Start of Block

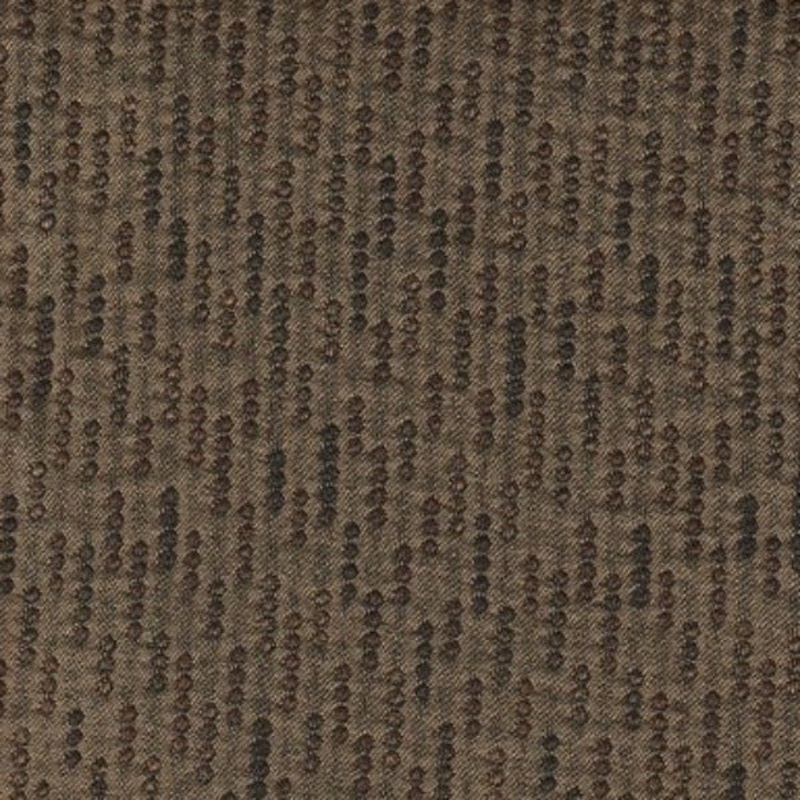 Lolly Shadow Dotted Stripe Brown Upholstery Fabric Order Product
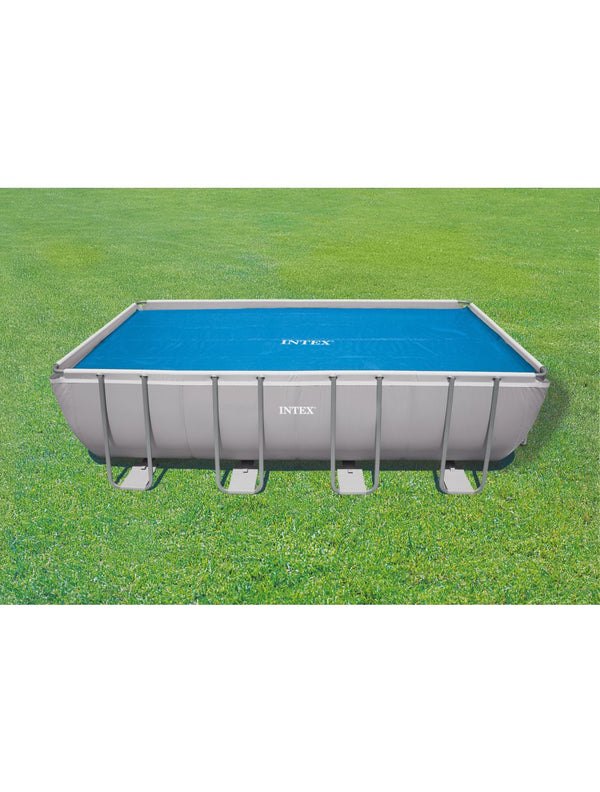 כיסוי סולארי לבריכה - 2.44x4.88 מטר - INTEX 28029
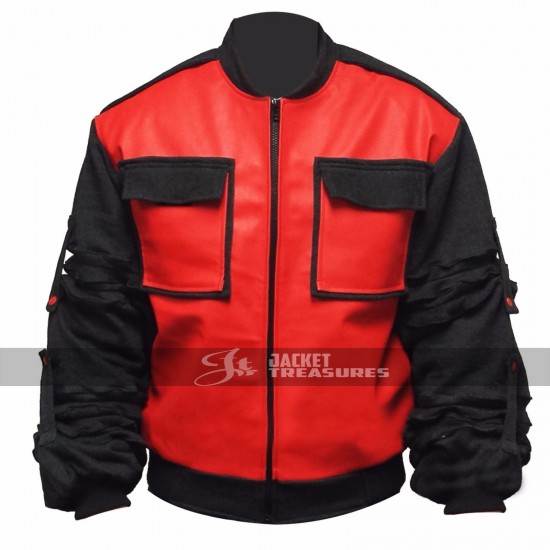 Marty McFly Back to the Future Bomber Jacket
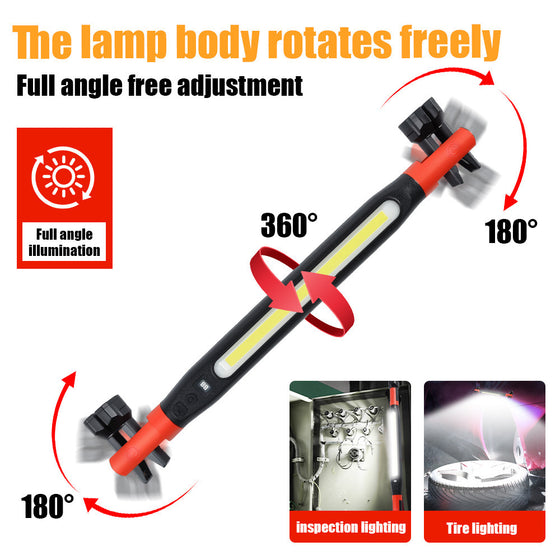 LED Rechargeable Magnetic Work Light with Hook Automotive & Powersports product image 3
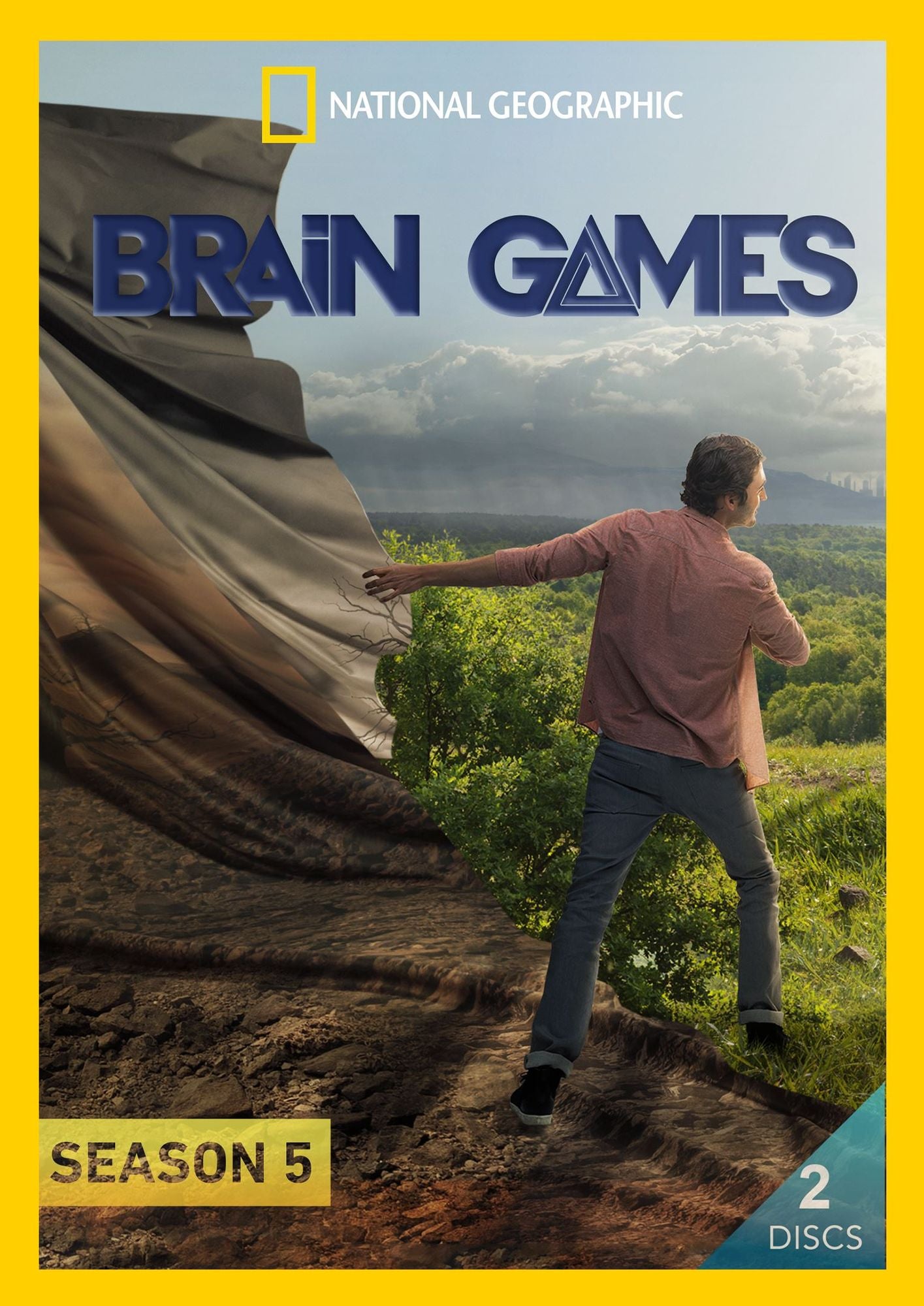 National Geographic: Brain Games - Season 5 [2 Discs]
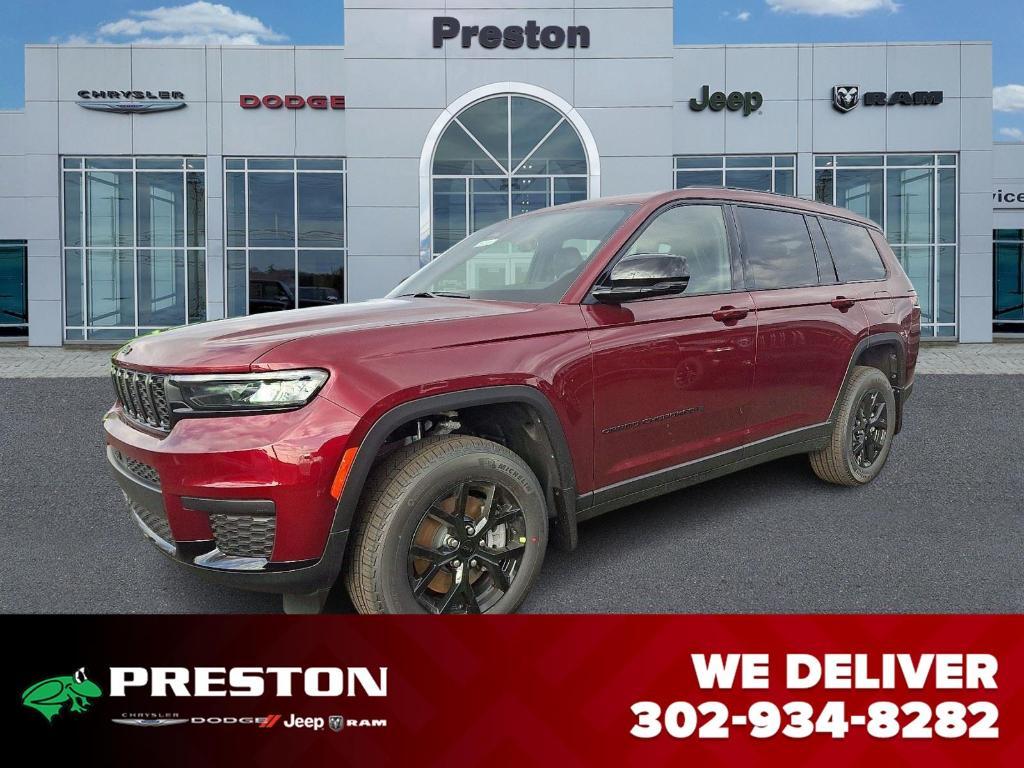 new 2025 Jeep Grand Cherokee L car, priced at $42,655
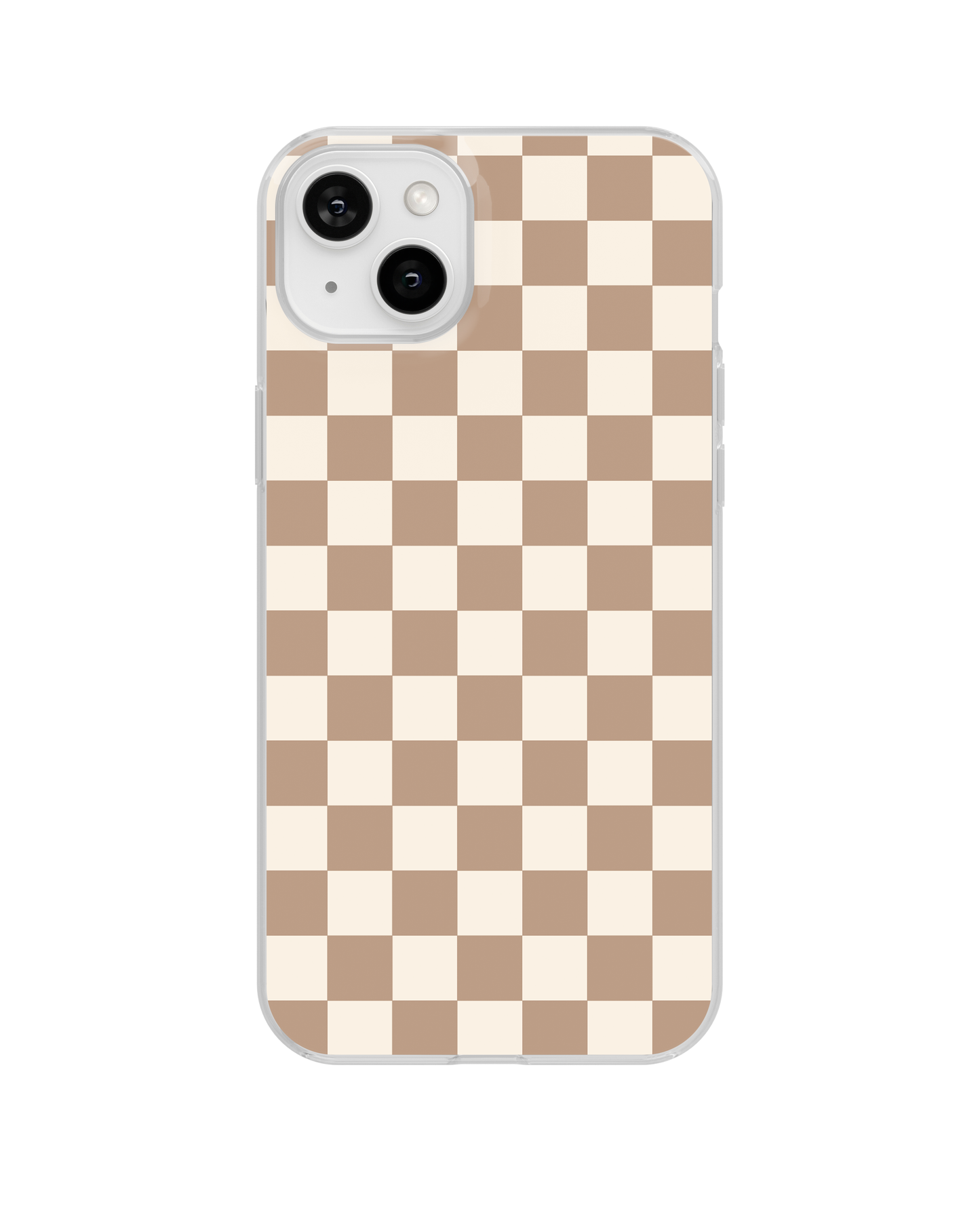 Chestnut Checkers II Clear Case Insert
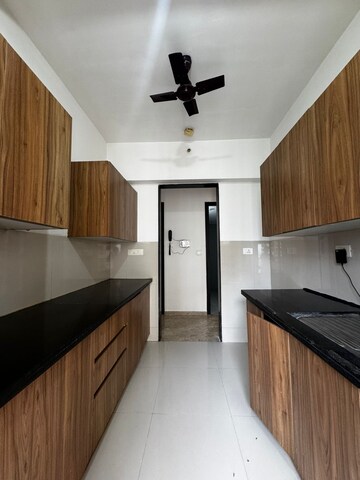 Kitchen in 2 BHK Apartment at Puraniks City Reserva, Ghodbunder Road – for Rent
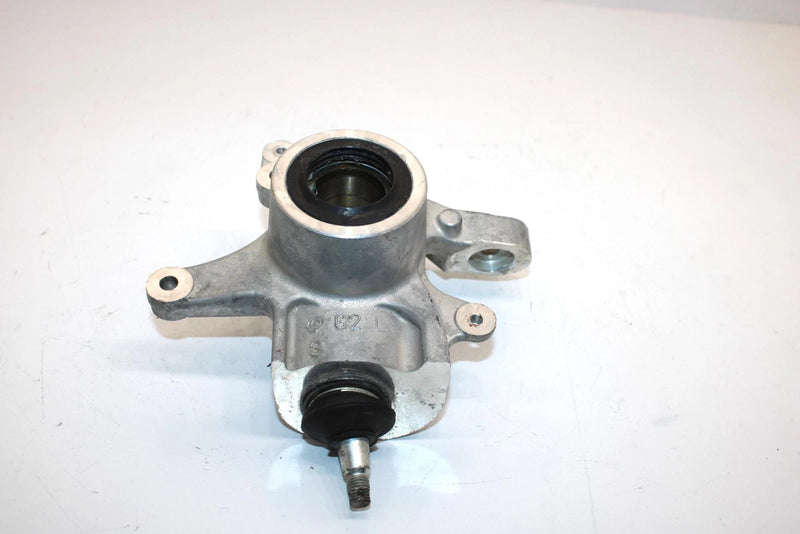 15 Suzuki King Quad 500 Oem Left Steering Knuckle 51241-31G20 AS10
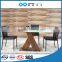 TB Modern glass dining room table sets new design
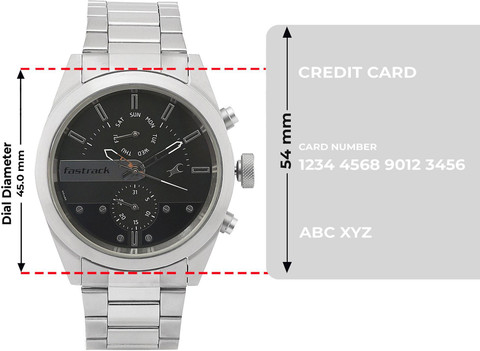 Fastrack All Nighters Analog Watch For Men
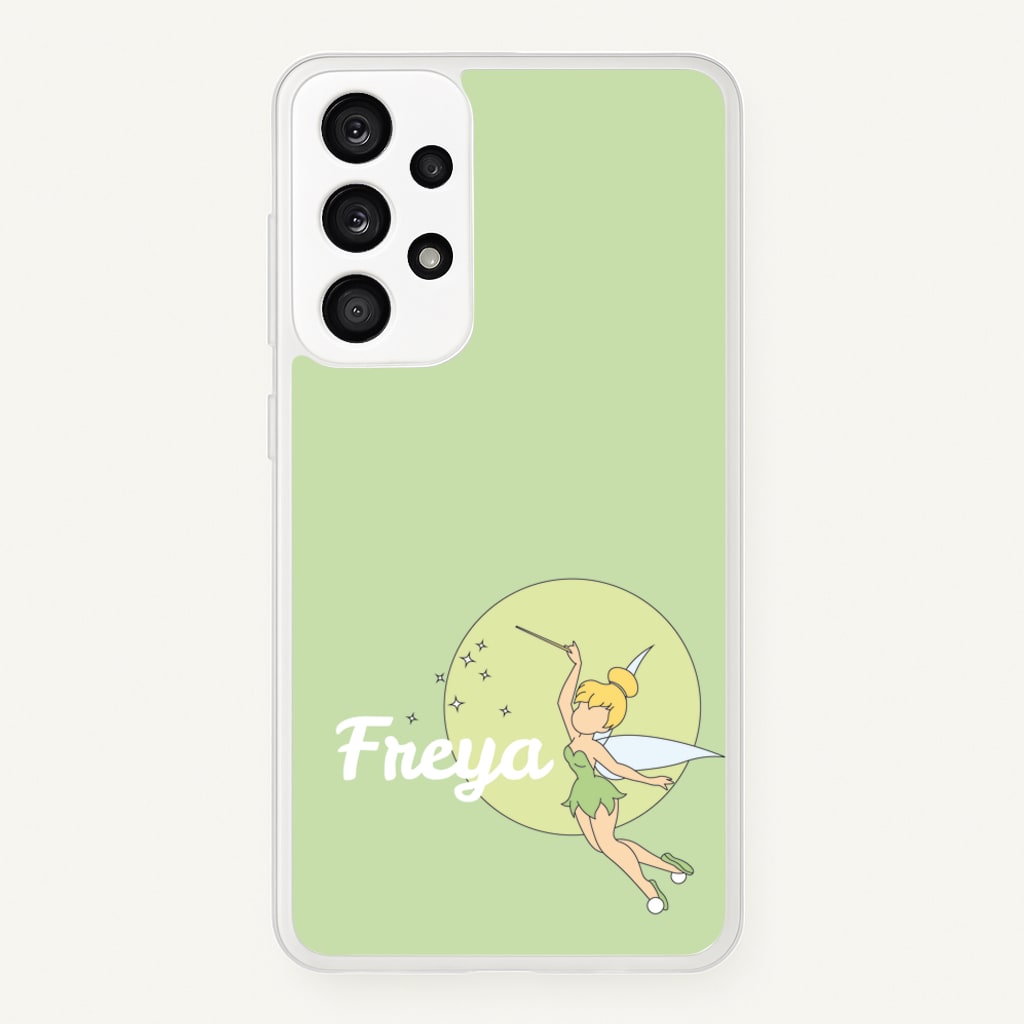 Tinkerbell - Personalised Fairytale - Disney Phone Case for Galaxy A53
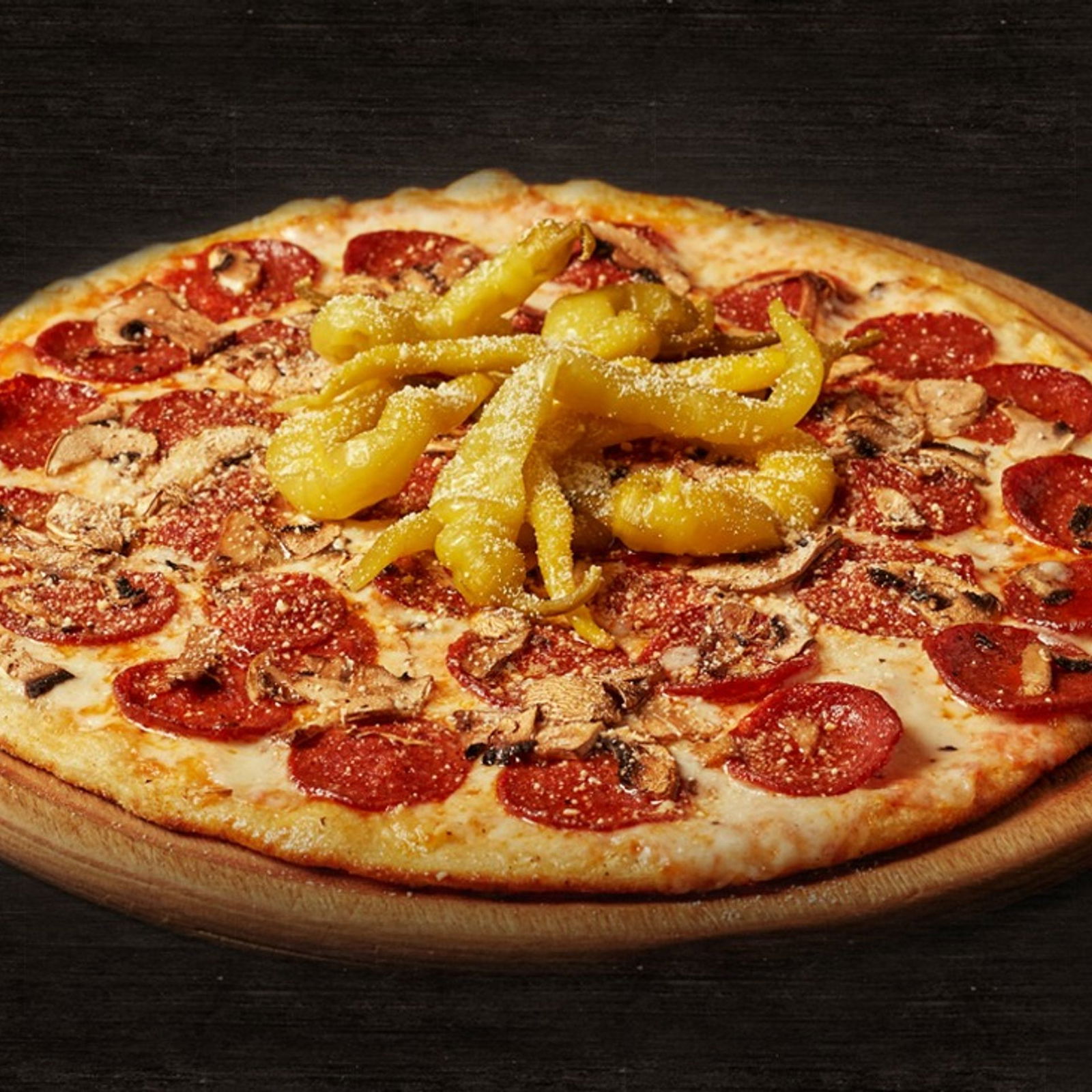 Sucuklu Pizza (Büyük)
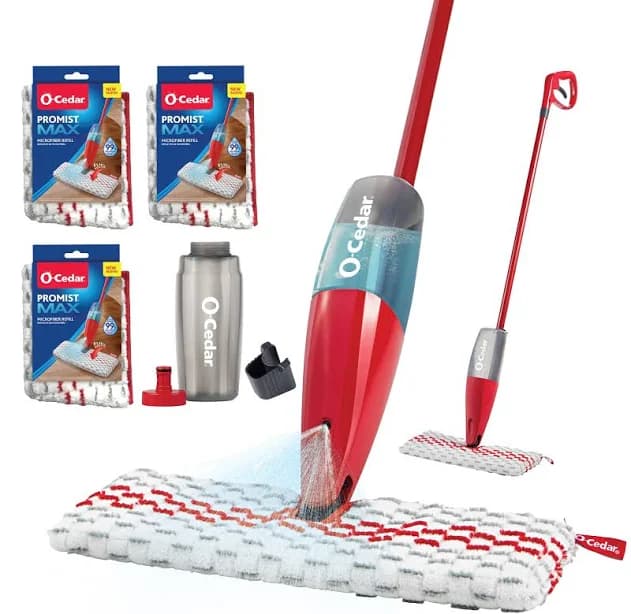 O-Cedar ProMist Max Microfiber Spray Mop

End of Block

• Exercise: Repeat the entries faithfully. Any picture gets left out.

• Expected output:
 Lolly Shadow Dotted Stripe Brown Upholstery Fabric Order Product
 כיסוי סולארי לבריכה - 2.44x4.88 מטר - INTEX 28029
 Marty McFly Back to the Future Bomber Jacket
 LED Rechargeable Magnetic Work Light with Hook Automotive & Powersports product image 3
 National Geographic: Brain Games - Season 5 [2 Discs]
 new 2025 Jeep Grand Cherokee L car, priced at $42,655
 Chestnut Checkers II Clear Case Insert
 Kitchen in 2 BHK Apartment at Puraniks City Reserva, Ghodbunder Road – for Rent
 15 Suzuki King Quad 500 Oem Left Steering Knuckle 51241-31G20 AS10
 TB Modern glass dining room table sets new design
 Fastrack All Nighters Analog Watch For Men
 Tinkerbell - Personalised Fairytale - Disney Phone Case for Galaxy A53
 Sucuklu Pizza (Büyük)
 O-Cedar ProMist Max Microfiber Spray Mop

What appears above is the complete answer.